Each of those cables may contain up to 160 individual light-conducting fibers. Luckily, splicing them together is no problem—inexpensive, easy-to-use machines automatically and unerringly connect each fiber to its counterpart in the next cable with a single click.
Nah, I’m just kidding. Actually, every splice is a nightmare—somebody has to strip each individual fiber down to its one-third-of-a-millimeter-wide glass core (by hand) and painstakingly fuse it to the correct fiber on the other cable. Lather, rinse, repeat. The closest thing they have to an easy-to-use machine is a big plastic tray with channels in it to help you try to keep track of the dozens of individual strands.

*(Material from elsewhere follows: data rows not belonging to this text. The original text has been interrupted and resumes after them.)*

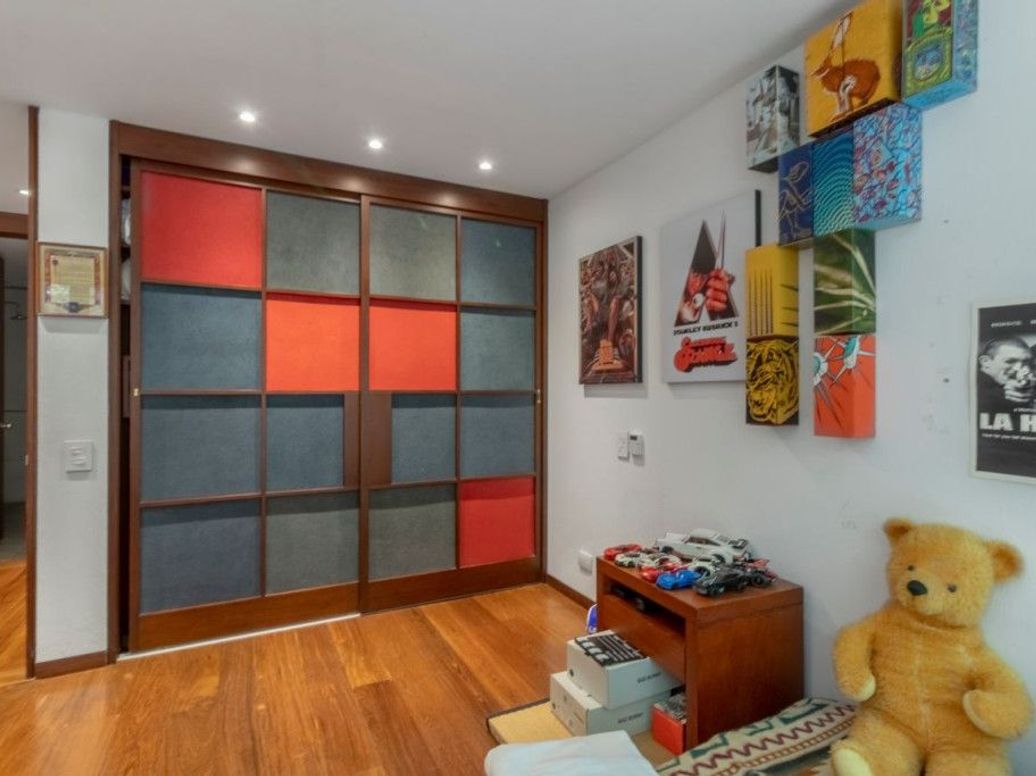 Apartamento de 4 alcobas en venta en Los Rosales, Bogotá, 400 m² · foto 15 de 20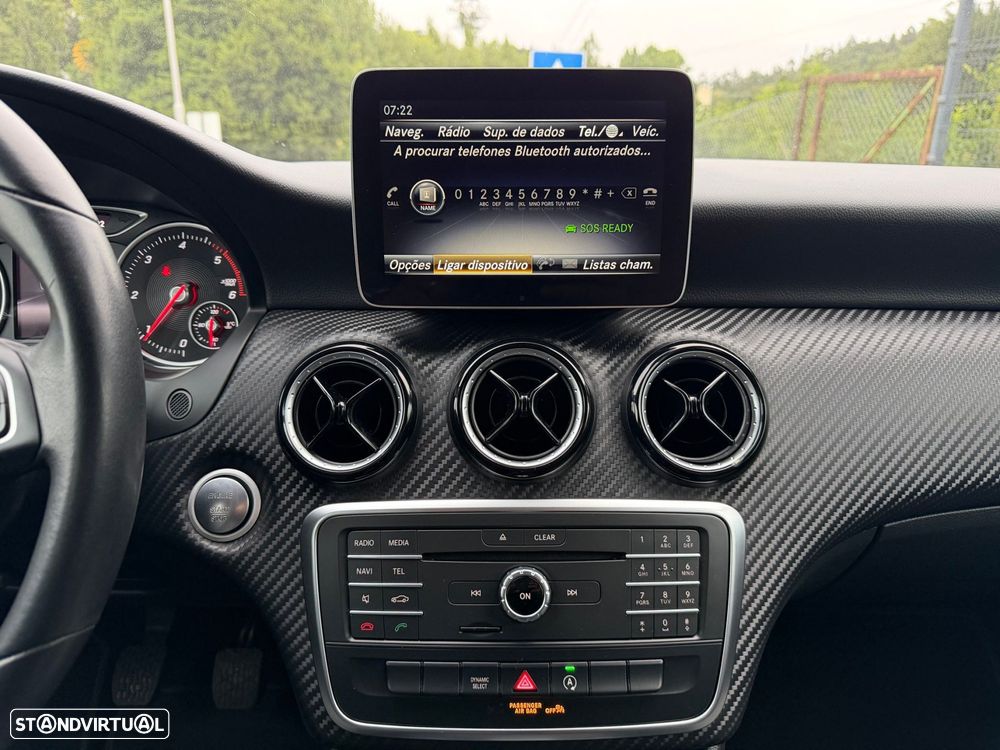 Mercedes-Benz GLA 180 d Style - 26
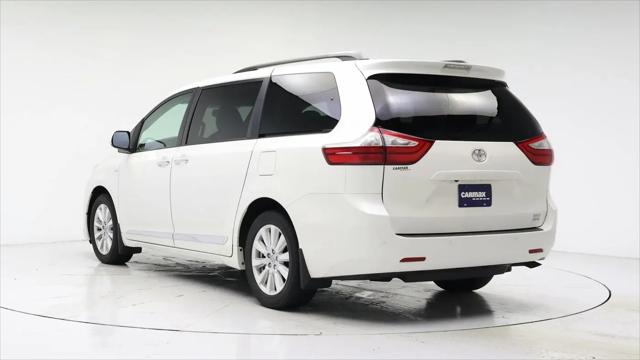 2017 Toyota Sienna XLE Premium 7 Passenger
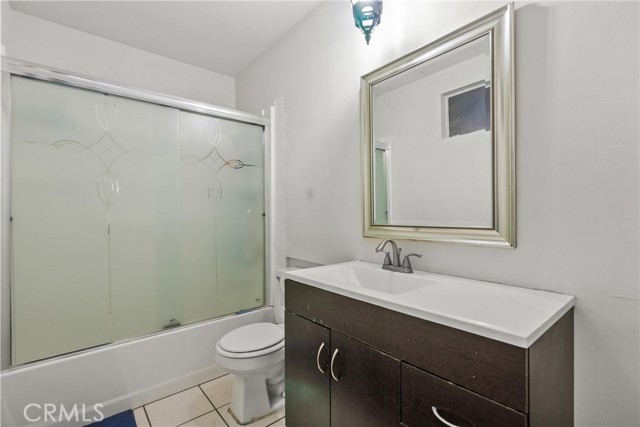 13086 Foothill Boulevard, Sylmar CA: https://media.crmls.org/medias/71819c44-67b3-4899-af40-edfc697c95aa.jpg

Now, imagine you just finished stringing one of these cables only to have a drunken, relevance-starved Charlie Sheen drive his Hummer into a utility pole, damaging a portion of the cable. That’s a real bummer, since splicing in a new section requires you to go through the whole fussy process twice. If only there were some extra cable on one side of the gap that you could just extend out to meet the other piece, so you only had to make one splice!
This is just one scenario where a service loop—a few extra yards of inline cable, neatly coiled and put aside until it’s needed—comes in handy. In a sense, Ockham, your intuition about the loops being there to bridge chasms as yet unimagined was correct. Of course, if someone really does open a spacetime rift to the Upsidedown in our reality, no one will see it coming. (Except, perhaps, readers of Electrical Contractor magazine.)